Abdenego Nankishi

Personal information
- Full name: Abdenego N'Lola Nankishi
- Date of birth: 6 July 2002 (age 24)
- Place of birth: Bremerhaven, Germany
- Height: 1.78 m (5 ft 10 in)
- Position: Forward

Team information
- Current team: 1. FC Saarbrücken
- Number: 17

Youth career
- 2007–2012: TV Loxstedt
- 2012–2014: LTS Bremerhaven
- 2014–2021: Werder Bremen

Senior career*
- Years: Team / Apps / (Gls)
- 2020–2025: Werder Bremen II / 29 / (6)
- 2021–2025: Werder Bremen / 6 / (0)
- 2022–2024: → Heracles Almelo (loan) / 21 / (5)
- 2024: → 1860 Munich (loan) / 11 / (1)
- 2025–2026: VfB Stuttgart II / 17 / (3)
- 2026–: 1. FC Saarbrücken / 0 / (0)

International career^{‡}
- 2019: Germany U17 / 3 / (0)
- 2020: Germany U19 / 1 / (0)
- 2021: Germany U20 / 1 / (0)

= Abdenego Nankishi =

German footballer (born 2002)

Abdenego N'Lola Nankishi (born 6 July 2002) is a German professional footballer who plays as a forward for club 1. FC Saarbrücken.
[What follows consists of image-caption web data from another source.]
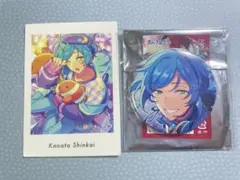 2026年最新】缶バッジ 深海奏汰の人気アイテム - メルカリ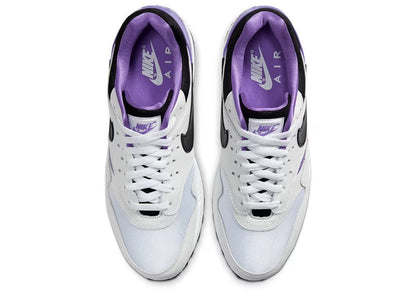 Air Huarache Run DNA CH.1 Air Max 1 Purple Punch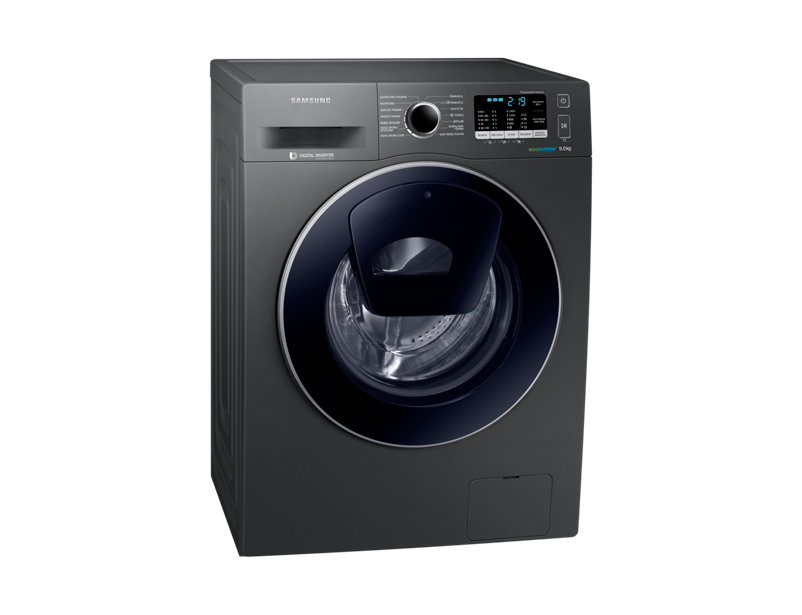 Samsung WW90K5410UX washing machine Front-load – image 9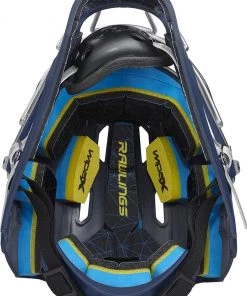 Rawlings Adult SR Hockey-Style Catcher's Helmet CHMACH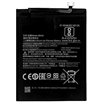 Bateria Xiaomi Redmi Note 7 calidad Premium BN4a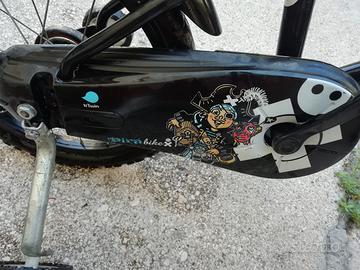 bici BTwin 16 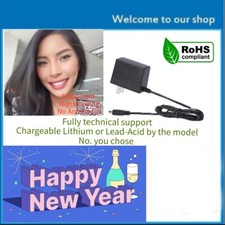 Adapter for iLive ITB100B RS ITB100BRS 20" SOUNDBAR Power supply Charger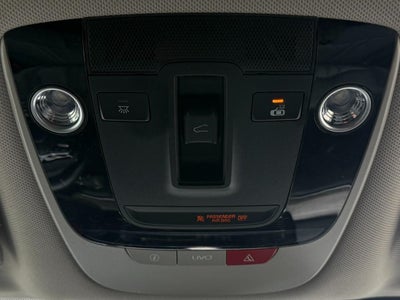 2022 Kia Sorento X-Line EX AWD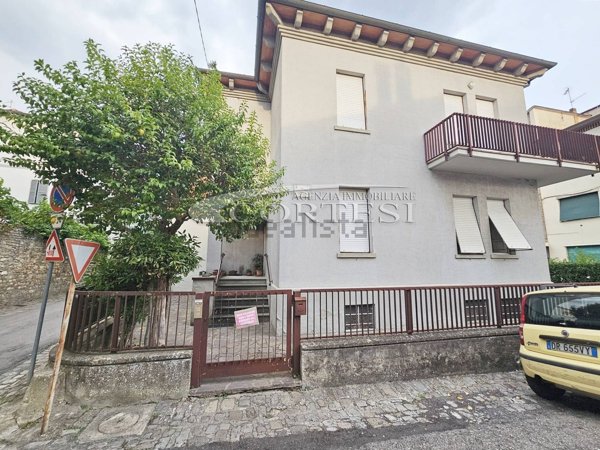 appartamento in vendita ad Umbertide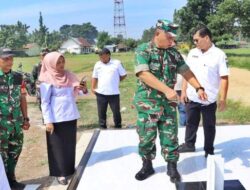 Persiapan HUT ke-81 Kemerdekaan RI Tahun 2026: Pemkab Simalungun Rencanakan Upacara Digelar di Kecamatan Dolok Batu Nanggar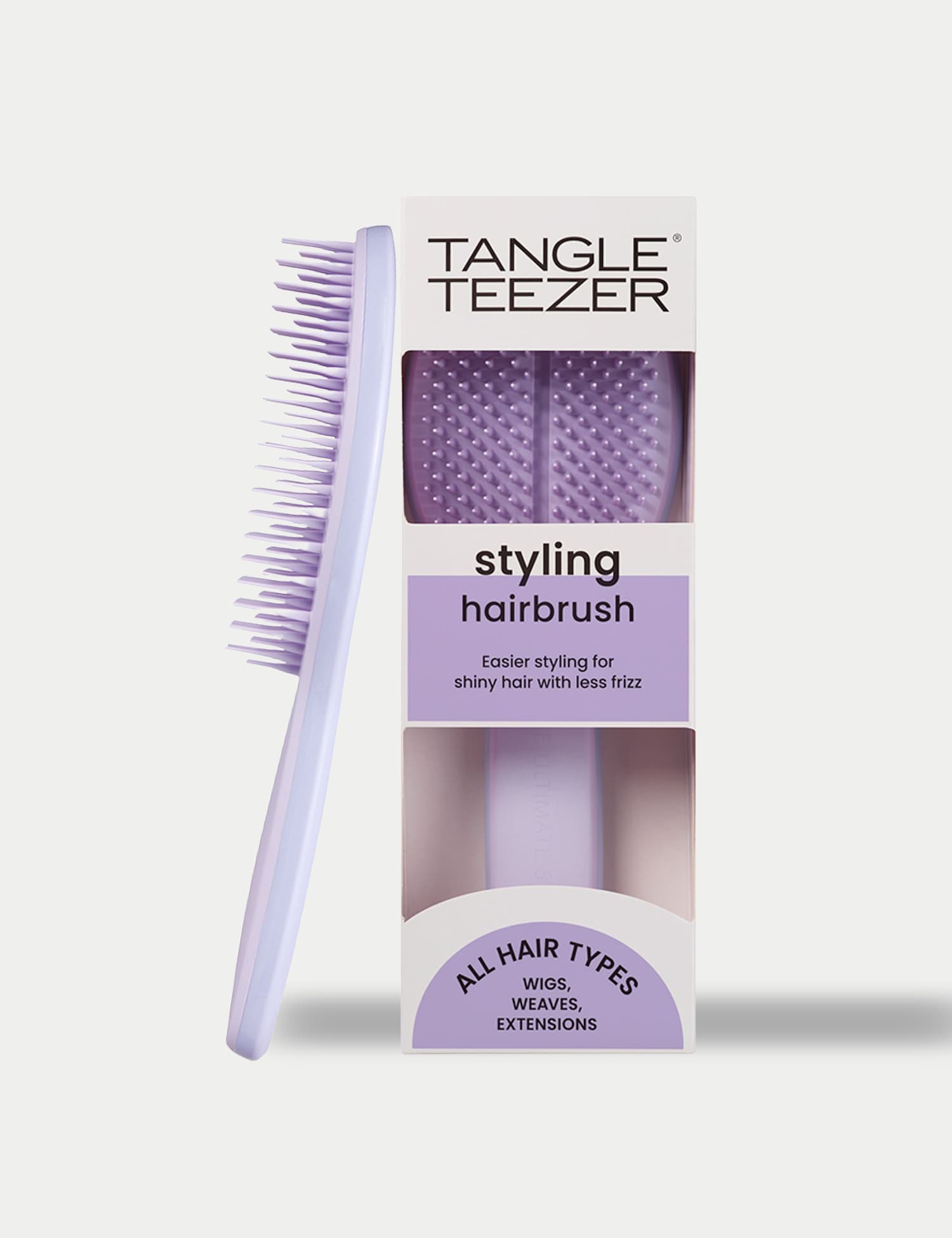 Tangle Teezer Ultimate Styler 98g No Colour
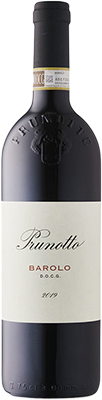 BAROLO - AURELIO SETTIMO 2019 Italian Red Wine
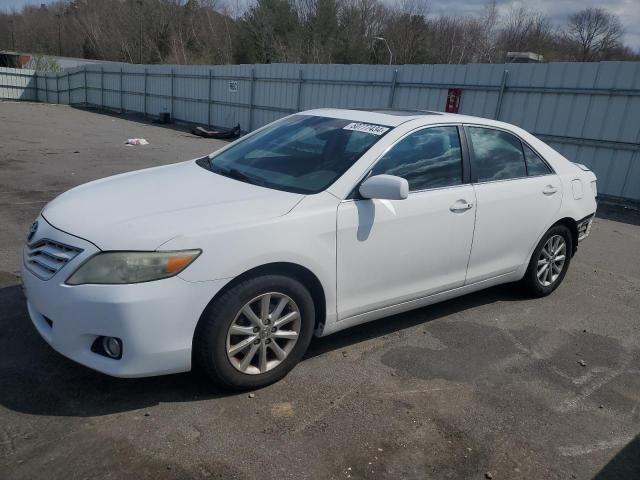 TOYOTA CAMRY 2011 4t1bk3ek6bu611995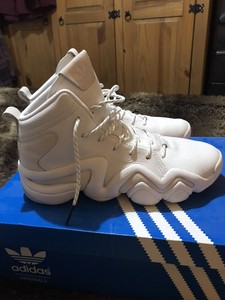 Las mejores ofertas en Adidas Crazy 8 ADV Zapatillas De Hombre | eBay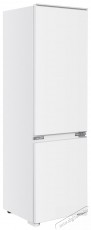 Gorenje RKI517EP1 Konyhai termékek - Hűtő, fagyasztó (beépíthető) - Alulfagyasztós kombinált hűtő - 515443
He has represented Germany internationally at youth levels U17, U19 and U20.

==Club career==
A youth product of TV Loxstedt and LTS Bremerhaven, Nankishi moved to the academy of Werder Bremen in 2014 and worked his way up through all their youth categories. In 2020, he was promoted to their reserves and in 2021 to their senior team. He made his professional debut with Werder Bremen in a 2–0 DFB-Pokal win over VfL Osnabrück on 7 August 2021.

On 17 August 2022, Nankishi joined Heracles Almelo in the Netherlands on a season-long loan. The loan was renewed for the 2023–24 season.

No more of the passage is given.